Now, we will move on to training a logistic regression classifier on the filtered data. Given the modular nature of TISSUE filtering (i.e. the output is a cellxgene matrix), integrating TISSUE with other supervised learning models is as easy as plug-and-play.
First, we split into a train (80%) and test set (20%):
# split train and test randomly (80%-20%)
np.random.seed(444)
train_idxs = np.random.choice(np.arange(adata_filtered.shape[0]), round(adata_filtered.shape[0]*0.8), replace=False)
test_idxs = np.array([idx for idx in np.arange(adata_filtered.shape[0]) if idx not in train_idxs])
train_data = adata_filtered.obsm["spage_predicted_expression"].values[train_idxs,:]
train_labels = adata_filtered.obs["condition"][train_idxs]
test_data = adata_filtered.obsm["spage_predicted_expression"].values[test_idxs,:]
test_labels = adata_filtered.obs["condition"][test_idxs]
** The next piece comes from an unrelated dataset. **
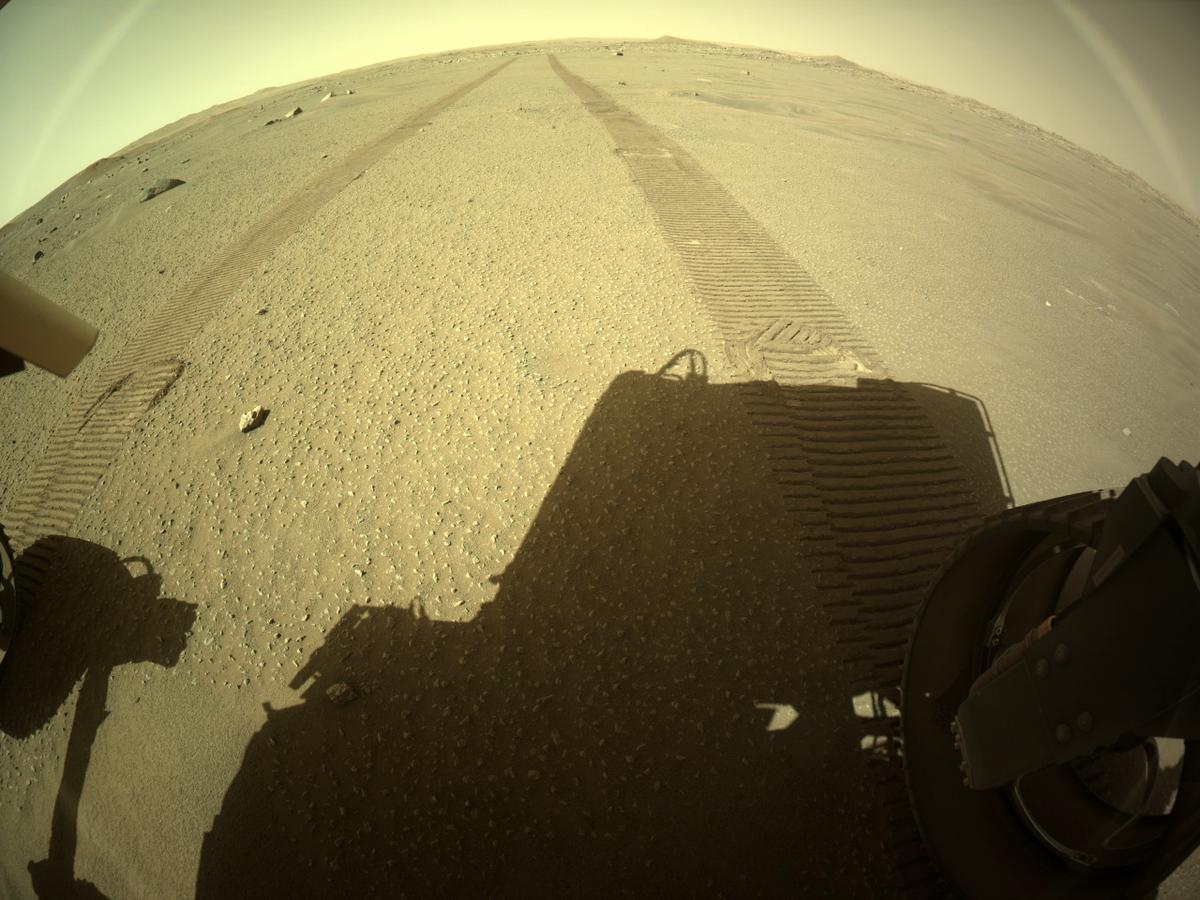 This image was taken by REAR_HAZCAM_RIGHT onboard NASA's Mars rover Perseverance on Sol 104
Then, we train logistic regression classifier on the filtered and split data:
from sklearn.linear_model import LogisticRegression
from sklearn.preprocessing import StandardScaler
from sklearn.metrics import accuracy_score, f1_score, roc_auc_score, average_precision_score
# init and scale data
scaler = StandardScaler()
train_data = scaler.fit_transform(train_data)
# fit model on scaled data
model = LogisticRegression(penalty='l1', solver='liblinear').fit(train_data, train_labels)
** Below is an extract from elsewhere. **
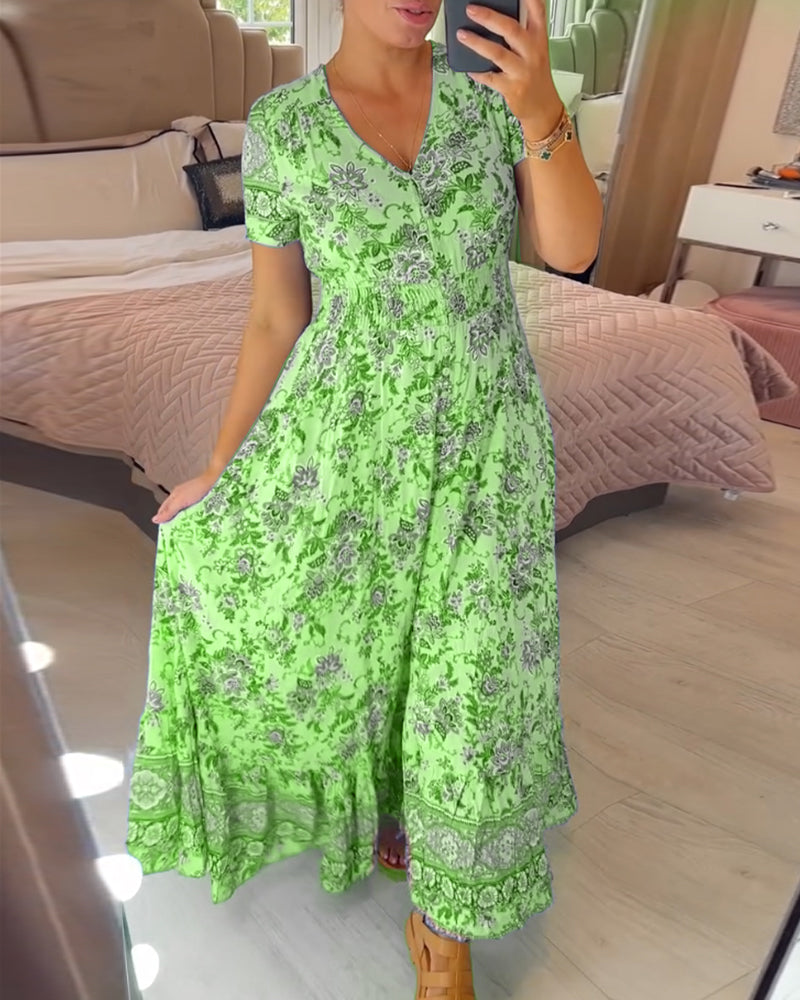 TESSA - LANGES GEMUSTERTES KLEID MIT KNOPFLEISTE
Now that we have trained the model, we can evaluate its performance on the unseen test data:
# make predictions on test data
pred_test = model.predict(scaler.transform(test_data))
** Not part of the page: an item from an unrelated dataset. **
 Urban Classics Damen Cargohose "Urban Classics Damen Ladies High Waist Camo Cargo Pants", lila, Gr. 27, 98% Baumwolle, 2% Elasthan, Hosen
pred_test_scores = model.predict_proba(scaler.transform(test_data))
# print metrics
test_labels_num = [0 if x=="A" else 1 for x in test_labels]
print(f"Accuracy Score: {accuracy_score(test_labels, pred_test)}")
print(f"ROC-AUC Score: {roc_auc_score(test_labels_num, pred_test_scores[:,1])}")
Accuracy Score: 0.8024475524475524
ROC-AUC Score: 0.8765594181459566
The model performs quite well! It has high accuracy and high ROC-AUC for a relatively balanced binary classification problem. A similar approach can be taken to leverage TISSUE uncertainties in training/evaluating other model architectures (e.g. linear regression, random forest, neural nets).
Tutorial 5: TISSUE cell filtering for PCA (clustering and visualization)
Downstream clustering and data visualization tasks in transcriptomics data analysis generally rely on dimensionality reduction via principal component analysis (PCA). To incorporate TISSUE uncertainties in these downstream tasks, we perform TISSUE cell filtering before fitting the PCA model and reducing dimensionality.
In this tutorial, we will apply TISSUE cell filtering to the dataset to generate principal components. This can be done with tissue.downstream.filtered_PCA()
which is wrapper around the direct TISSUE cell filtering. From these principal components, we can make a two-dimensional PCA plot and perform clustering on the top 15 principal components using K-Means.
We will be starting with the AnnData object after running Tutorials 1-3: adata
and then applying TISSUE-filtered PCA:
# uncertainty-based cell filtering for PCA
keep_idxs = tissue.downstream.filtered_PCA (adata, # anndata object
"spage", # prediction method
proportion="otsu",
stratification=adata.obs['condition'].values,
return_keep_idxs=True)
# filter to keep track of labels
adata_filtered = adata[adata.obs_names[keep_idxs],:].copy()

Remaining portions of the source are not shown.